Effective revision and proofreading are often what separate stronger papers from weaker ones. So make sure that you leave yourself enough time to transform your insights and ideas into a well-written, persuasive paper.

When you are ready to revise, please use the Writing and Revising Checklist. The following tips may also help!

  1. Take time away from your paper. After completing a draft, set it aside -- ideally for a day, but for a few hours at least. Do something else! It is far more productive to return to a draft with a fresh eye than to try to revise something you’ve just written: time off will help you see more clearly the gaps between your intended meanings and their written expressions, between what you wanted to say and what you actually said.
     
  2. Read your completed draft and imagine that you are someone else. Focus on the argument and the argumentation. As someone else, ask three questions: From the thesis statement, is it clear to you what the writer is going to try to persuade you to accept? Does the essay actually make the argument that the writer articulated in the thesis, or does it end up arguing something else -- maybe (hopefully!) something more complicated, challenging, and significant? Does the beginning of each paragraph give you a clear statement of its point and provide you with a transition that gets you from the point of the preceding paragraph to the point of the present paragraph? Now turn back into yourself and revise as necessary!
     
  3. Read your completed draft out loud and slowly, and listen to your writing, pausing only to mark passages that are awkward or for whatever reason just don't sound quite right. Then go back and revise them. (Another way to think about this tip: read with your ears, not with your eyes.)
     
  4. Get feedback from others: some students benefit from the Academic Skills Centre (905-828-3858), others from friends. All professional writers collaborate with other writers or editors, and you should make a habit of getting feedback from a variety of readers too.

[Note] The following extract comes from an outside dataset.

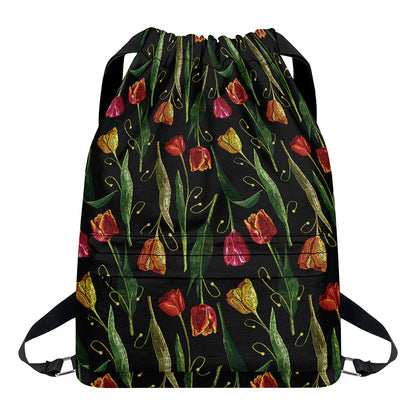 Embroidery Tulip Pattern Print Drawstring Backpack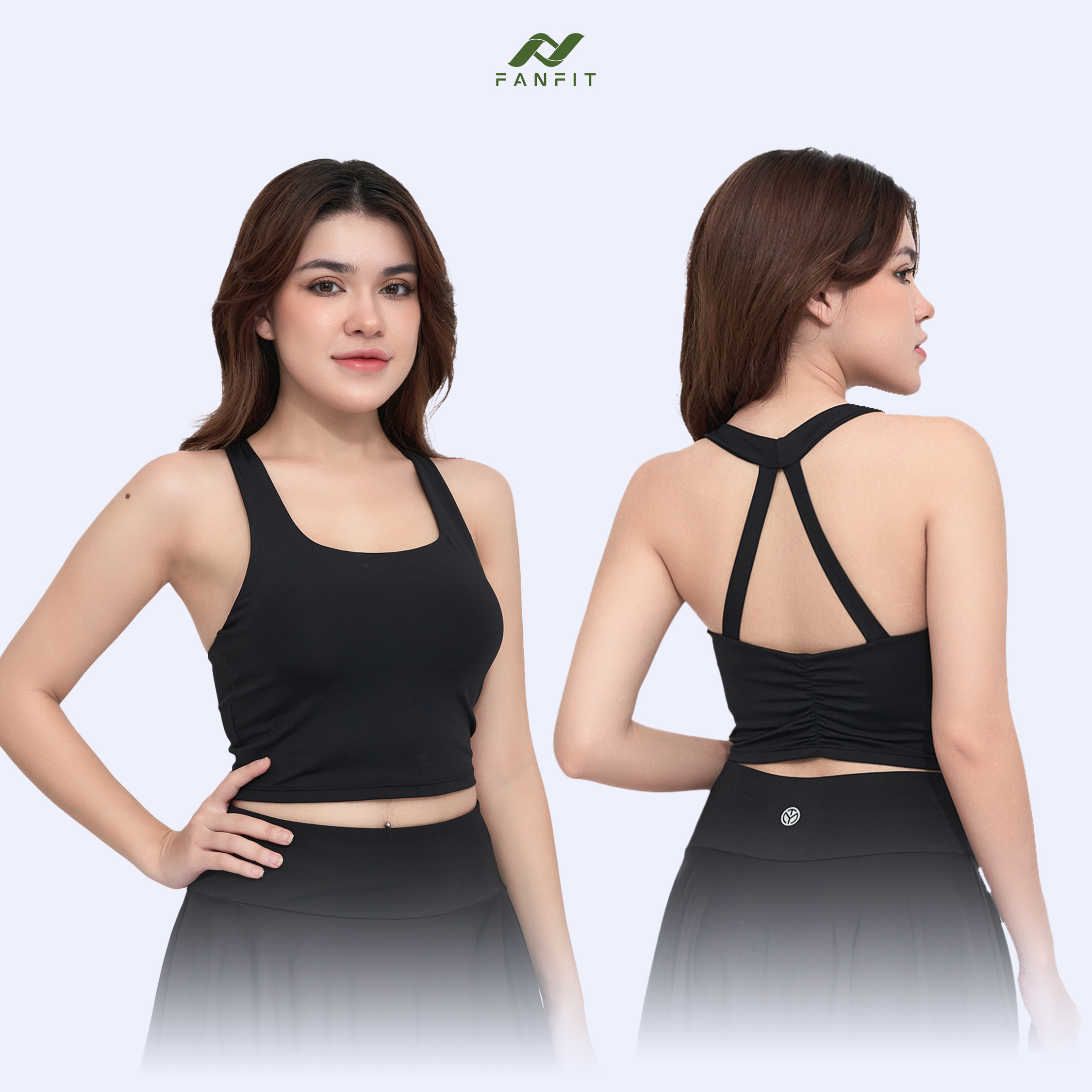 Áo Croptop 2 lớp thể thao Nữ tập Gym Yoga Pilates FANFIT FFCR003 -  áo 2 lớp, nhún lưng, sát nách - FANFIT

Readers can help you identify the areas of your paper that are unclear or need to be developed further. They can also make you aware of grammatical and stylistic problems, which are often highly idiosyncratic and therefore hard to identify on your own.
     
  5. Run a spellcheck. Then read your completed draft silently and slowly, carefully proofreading in order to see and catch any remaining typos, weird formatting or font changes, or any other visible problems that need to be fixed. Then fix them. (This time, in other words, read with your eyes, not with your ears. To help their eyes, some people like to print out their writing and proofread in hard copy, using a ruler, which they move down the page line by line, forcing the eyes to focus on discrete parts of sentences one at a time rather than on whole sentences.)
     
  6. Leave yourself enough time to transform your insights and ideas into a well-written, persuasive paper.